August 21, 2007

Skype offers more details of 'perfect storm' outage

Exceptionally high traffic at the same time as the Windows Update process led to a shortage of supernodes in Skype's peer-to-peer network

The situation that prevented millions of people from accessing Skype's Internet telephony service late last week was a "perfect storm" and should not reoccur, the company said Tuesday.

The company initially attributed the problem, which began on Aug. 16, to the near-simultaneous rebooting of millions of computers, as Skype users running the Windows operating system attempted to reconnect to the service after downloading a series of routine software patches from Microsoft's Windows Update service.

Skype's service relies on some of its users' computers to act as "supernodes," routing traffic for other, less well-connected, users. But as Skype customers tried to reconnect, many of those supernodes were themselves in the process of rebooting. The remaining supernodes were soon overwhelmed because a bug in the company's software did not efficiently allocate the network resources available.

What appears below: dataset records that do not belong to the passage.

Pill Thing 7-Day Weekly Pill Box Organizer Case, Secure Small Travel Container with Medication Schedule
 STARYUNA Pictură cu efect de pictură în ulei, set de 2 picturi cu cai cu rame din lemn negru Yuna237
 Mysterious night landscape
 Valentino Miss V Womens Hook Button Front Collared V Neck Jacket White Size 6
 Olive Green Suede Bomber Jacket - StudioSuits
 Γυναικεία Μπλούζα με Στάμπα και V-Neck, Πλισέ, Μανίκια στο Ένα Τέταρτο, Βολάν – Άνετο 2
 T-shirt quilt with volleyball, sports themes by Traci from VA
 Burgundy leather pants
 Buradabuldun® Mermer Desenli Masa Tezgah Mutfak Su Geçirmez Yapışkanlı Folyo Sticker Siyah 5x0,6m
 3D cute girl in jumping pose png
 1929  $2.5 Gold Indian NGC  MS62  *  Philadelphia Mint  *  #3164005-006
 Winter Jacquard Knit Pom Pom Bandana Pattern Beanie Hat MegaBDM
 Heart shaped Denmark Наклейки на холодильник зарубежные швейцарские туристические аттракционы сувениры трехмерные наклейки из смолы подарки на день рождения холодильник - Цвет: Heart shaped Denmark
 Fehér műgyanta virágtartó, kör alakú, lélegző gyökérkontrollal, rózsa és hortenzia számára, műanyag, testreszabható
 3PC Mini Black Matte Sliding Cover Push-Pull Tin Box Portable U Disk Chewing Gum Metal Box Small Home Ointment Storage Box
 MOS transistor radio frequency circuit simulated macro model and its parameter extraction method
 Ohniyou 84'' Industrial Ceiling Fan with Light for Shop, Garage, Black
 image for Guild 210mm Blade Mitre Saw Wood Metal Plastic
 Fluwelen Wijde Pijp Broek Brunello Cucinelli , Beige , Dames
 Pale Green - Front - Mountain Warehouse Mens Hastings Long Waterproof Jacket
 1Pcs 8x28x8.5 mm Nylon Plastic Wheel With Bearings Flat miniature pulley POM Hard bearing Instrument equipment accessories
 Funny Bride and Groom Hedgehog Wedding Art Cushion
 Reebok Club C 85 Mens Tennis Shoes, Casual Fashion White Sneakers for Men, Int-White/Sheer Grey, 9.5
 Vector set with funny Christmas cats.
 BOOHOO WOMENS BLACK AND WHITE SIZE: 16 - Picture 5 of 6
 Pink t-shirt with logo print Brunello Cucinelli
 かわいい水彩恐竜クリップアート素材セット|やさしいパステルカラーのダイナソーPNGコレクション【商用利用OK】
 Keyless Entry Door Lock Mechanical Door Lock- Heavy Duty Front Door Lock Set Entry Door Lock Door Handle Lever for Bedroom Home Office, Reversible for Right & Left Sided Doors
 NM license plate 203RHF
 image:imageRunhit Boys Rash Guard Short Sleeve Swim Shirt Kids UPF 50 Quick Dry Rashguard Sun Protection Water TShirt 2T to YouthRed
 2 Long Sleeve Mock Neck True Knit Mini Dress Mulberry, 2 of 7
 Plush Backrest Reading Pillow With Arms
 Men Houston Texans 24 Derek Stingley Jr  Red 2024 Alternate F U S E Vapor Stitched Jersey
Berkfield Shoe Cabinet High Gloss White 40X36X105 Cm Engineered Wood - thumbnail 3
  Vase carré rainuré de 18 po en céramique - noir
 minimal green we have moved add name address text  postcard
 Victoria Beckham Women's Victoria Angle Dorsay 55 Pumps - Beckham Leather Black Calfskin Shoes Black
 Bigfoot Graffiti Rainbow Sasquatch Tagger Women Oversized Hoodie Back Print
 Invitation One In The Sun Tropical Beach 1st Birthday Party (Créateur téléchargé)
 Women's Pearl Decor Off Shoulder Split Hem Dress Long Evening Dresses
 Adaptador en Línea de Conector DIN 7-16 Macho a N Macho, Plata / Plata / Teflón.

Users were sceptical of this explanation, because Microsoft regularly issues patches that may cause Windows computers to reboot, and this has not caused problems for Skype before. Microsoft releases software updates on the second Tuesday of each month, a day known to systems administrators as "patch Tuesday."

Skype spokesman Villu Arak offered a more detailed explanation of Skype's outage on Tuesday: Last week's problems were the result of a "perfect storm" of exceptionally high traffic through the service at the same time as the Windows Update process led to a shortage of supernodes in the service's peer-to-peer network.

The company did not offer an explanation for the high traffic, but accepted full responsibility for the software problem.

"Skype and Microsoft engineers went through the list of patches that had been pushed out," Arak wrote. "We ruled each one out as a possible cause for Skype’s problems. We also walked through the standard Windows Update process to understand it better and to ensure that nothing in the process had changed from the past (and nothing had)."

The catastrophic effect on Skype's service was entirely Skype's fault, a result of its software being unable to deal with simultaneous high load and supernode rebooting, according to Arak.

On Aug. 17, the day after the problems began, Skype released a new version of its software client for Windows to correct the problem. That update should behave better the next time high traffic coincides with a scarcity of supernodes, he said.

Skype had updated versions of its software client for Windows, Mac, and Linux since July's patch Tuesday and before last week's outage, but the changes made in those updates were not responsible for the problem, according to company spokeswoman Imogen Bailey.